You can make your own mind up of course, but I’m in the wait and see crowd. There are a a couple of open source type phones about to hit such as e foundation and the pinephone who are now counting down. I am tempering my enthusiasm and will wait to see how all of these stack up. Like you, I am very keen for a Librem phone but the modem choices, from what we have now, may be problematic for people like me in the regions.

Just my two cents worth.


#26

I’m in the exactly same situation, and I am waiting for some news for a while now… I hope they’ll announce something soon about a modem that is compatible with the Australian frequencies


#27

Thanks, Dani @Caliga. That pointer was very helpful.


#28

Thanks @Brad. I followed the link from @Caliga to the other thread, and am grateful for the work you did and the responses you elicited. I will follow Caliga’s suggestion and contact Purism support to see what they have to say about selling/shipping multiple modems, and report results back to this thread.


#29

Wow! That was a quick response from Purism (5 - 10 minutes).
@Caliga @Brad @deedend

My question:

If I wanted to order one Librem 5 phone with both swappable modems
(PLS8-E and PLS8-US) is that something you would ship and roughly how
much more would that cost than the phone with one modem?

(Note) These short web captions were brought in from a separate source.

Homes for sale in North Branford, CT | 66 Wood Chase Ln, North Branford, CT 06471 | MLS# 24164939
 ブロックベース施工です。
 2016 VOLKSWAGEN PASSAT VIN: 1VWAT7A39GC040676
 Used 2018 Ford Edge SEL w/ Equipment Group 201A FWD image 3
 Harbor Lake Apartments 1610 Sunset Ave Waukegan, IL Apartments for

Purism’s answer (more or less what I was expecting)

We do intend to offer the possibility for a user to purchase several
modems, but at this moment we do not have any details about their cost.

My interpretation is that it shows intent to make it possible to buy multiple modems, but they haven’t worked out the details yet, so can’t publicly commit to anything concrete.

For anyone who has/will pre-order - my guess is that if both modem variants are available when pre-orders start to ship and you let them know that want a second modem, they will give you a mechanism to order the second modem and ship it in the same parcel as the handset (Purism ship internationally for free, so it’s to their advantage to combine both into one parcel).

Personally, like some of the other folks here, I will probably wait and see. This is about twice the price of my current phone. I support the philosophy behind Librem 5, but I would be pretty aggravated to pay twice the price and get less satisfactory performance than my current phone on my most common use cases.